### [DATASET]
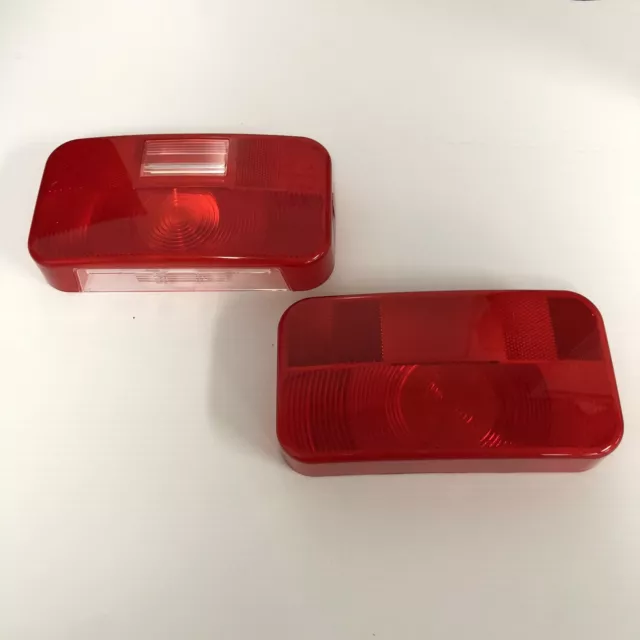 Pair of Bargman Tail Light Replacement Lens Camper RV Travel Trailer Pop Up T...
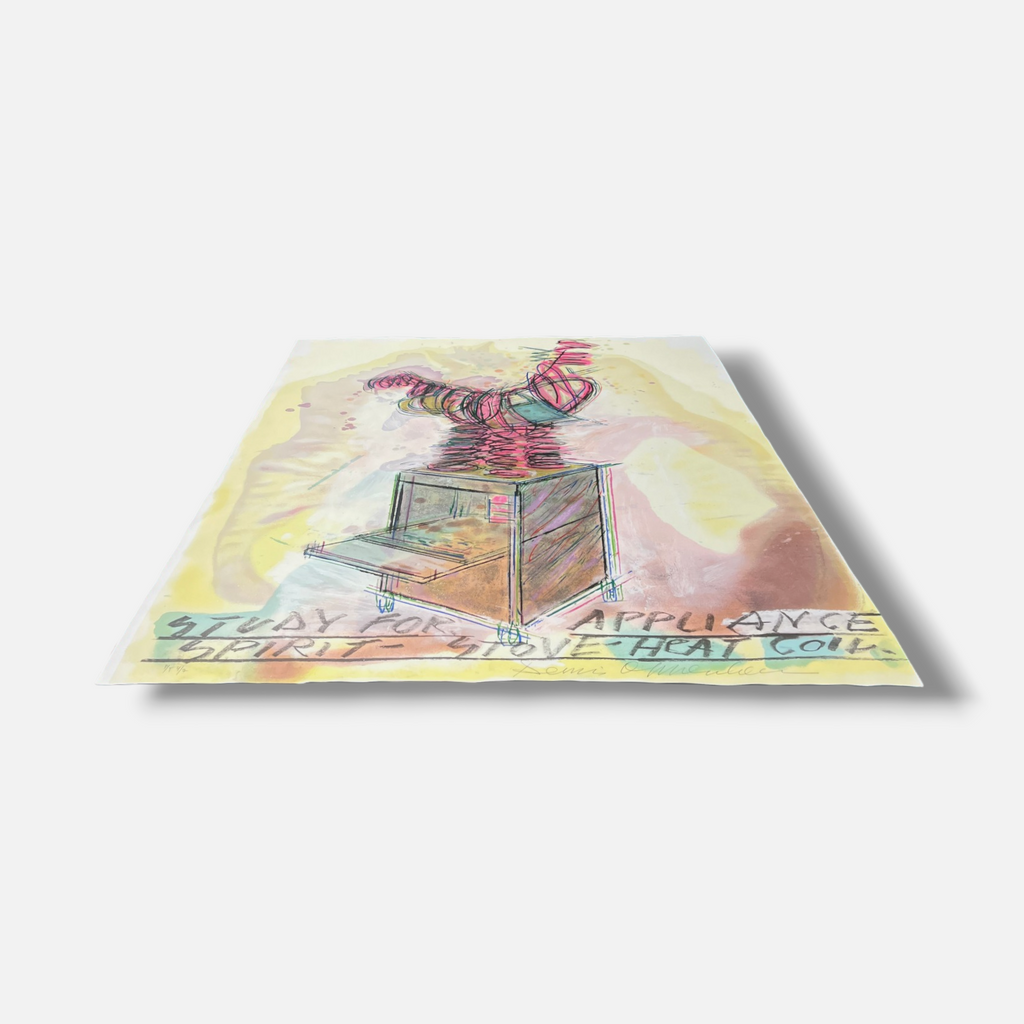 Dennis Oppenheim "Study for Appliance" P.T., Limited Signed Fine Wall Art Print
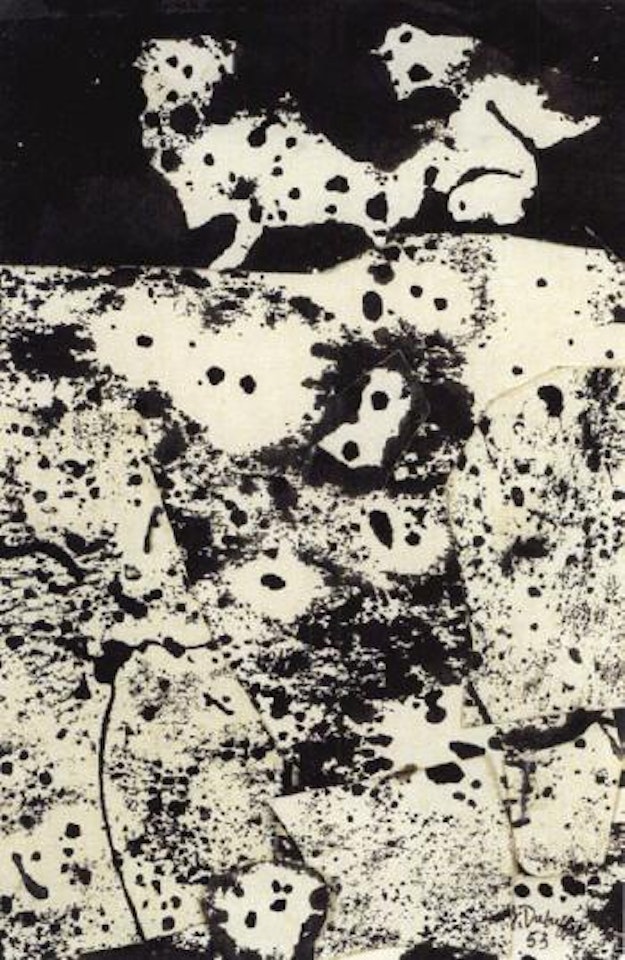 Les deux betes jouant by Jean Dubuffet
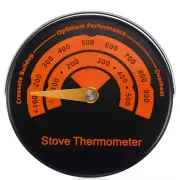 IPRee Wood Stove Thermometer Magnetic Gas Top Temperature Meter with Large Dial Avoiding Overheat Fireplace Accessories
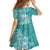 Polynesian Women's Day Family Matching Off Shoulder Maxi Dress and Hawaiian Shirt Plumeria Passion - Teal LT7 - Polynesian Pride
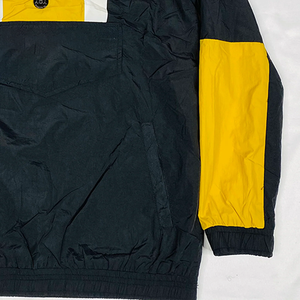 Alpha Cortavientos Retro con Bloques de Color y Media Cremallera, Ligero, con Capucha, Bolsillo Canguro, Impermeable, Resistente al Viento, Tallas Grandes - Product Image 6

### [DIRECTIONS FOR THIS TASK]
Every line of the material above must be written out exactly, with no pictures.

### [EXERCISE ANSWER]
 Pair of Bargman Tail Light Replacement Lens Camper RV Travel Trailer Pop Up T...
 Dennis Oppenheim "Study for Appliance" P.T., Limited Signed Fine Wall Art Print
 Les deux betes jouant by Jean Dubuffet
 IPRee Wood Stove Thermometer Magnetic Gas Top Temperature Meter with Large Dial Avoiding Overheat Fireplace Accessories
 Polynesian Women's Day Family Matching Off Shoulder Maxi Dress and Hawaiian Shirt Plumeria Passion - Teal LT7 - Polynesian Pride
 Alpha Cortavientos Retro con Bloques de Color y Media Cremallera, Ligero, con Capucha, Bolsillo Canguro, Impermeable, Resistente al Viento, Tallas Grandes - Product Image 6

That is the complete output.